Former chief whip Mark Harper is among the first to say publicly that he will vote against the policy.

He Tweeted: "[Department for Health and Social Care] Ministers haven’t properly worked with the sector or MPs to explain their thinking or decisions.

"DHSC Ministers should withdraw the amendment tonight and include their proposal in the White Paper on social care due before the year end."

Another senior Tory believed it was important for MPs to demonstrate that the government could not keep pushing through changes they would find increasingly difficult to justify to constituents. 

"The colleagues I've spoken to feel that the government is doing so badly, it needs to lose," they told PoliticsHome. 

"They need their nose bloodied on this issue."

The senior MP believed they were being whipped to vote for a "less fair" deal on social care, which could prove too much of a "hard sell" for many. 

"You only need 40 Tories to rebel for the government to lose, and there will be abstentions, and I understand the SNP is going to vote against, which puts the government potentially in defeat territory," they added.

It is understood that Conservative MPs in northen seats, where people will be hit the hardest by the change, and the One Nation group, chaired by former Cabinet minister and first secretary of state Damian Green, are united in their dissatisfaction on the issue. 

WhatsApp groups made up of a sizable number of Conservatives are believed to have been dominated by serious concern over the policy change all weekend. 

"I actually think the rebellion is going to be quite big," the senior Tory MP added. 

Conservative MPs have been issued with a three-line whip to vote on the amendment to the Health and Social Care Bill put down by Health Secretary Sajid Javid in the Commons today, which details the specifics of how the care cap of £86k will work.

There is hope among some that the government will offer a last minute concession on their proposal, or even that they could pull the amendment after hearing the barrage of concerns from unhappy colleagues in today's debate, and allow for more discussions to go ahead tomorrow. 

But not everyone is opposed to the social care amendment, with some telling PoliticsHome they plan to vote with the government without hesitation.

One Tory MP, elected in 2019, believed colleagues were "not overly animated" on the issue.

Another did not think the amendment was ideal, but said it still represented an improvement, and planned to vote for it. 

"You can't let perfect be the enemy of the good, given how bad the current system is," they said. 

One MP was sceptical there would ultimately be enough rebels for the government to face defeat, but admitted that "many colleagues are uncomfortable" with supporting the amendment. 

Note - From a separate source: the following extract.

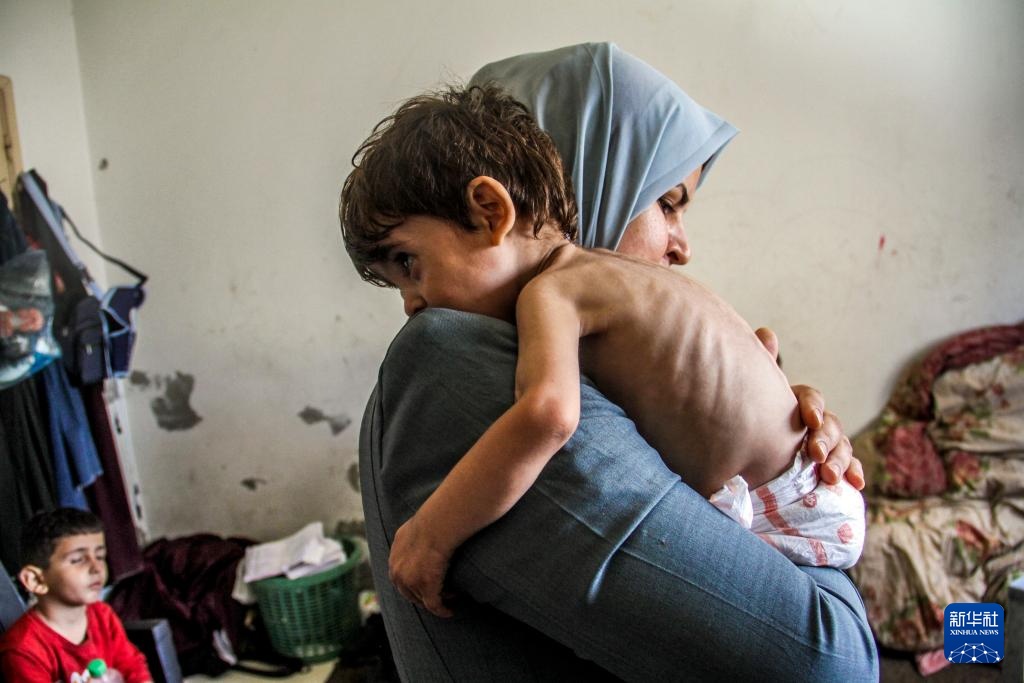 新华社发(马哈茂德·扎基摄)联合国儿童基金会6日说,加沙地带约九成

"Northern colleagues certainly feeling the pinch more,” they added. 

Tories with southern seats, where average house prices exceed £100k, and are therefore less likely to be affected by the change, are said to be less concerned. 

A spokesperson for the Prime Minister said this morning that No.10 continued to listen to concerns raised around the policy. 

“But we continue to believe that this is a system that is necessary, fair and responsible. The system benefits those who are the worst off," they added. 

“Currently, anyone with assets over £23,350 pays for their care costs. Under the new system anyone with assets under £20,000 will not have to pay anything at all for their care assets, ensuring those with the least are protected.”

They suggested that ministers were not looking to amend the wording of the Bill ahead of the vote later, adding that the government felt the current proposals “strike the necessary balance”.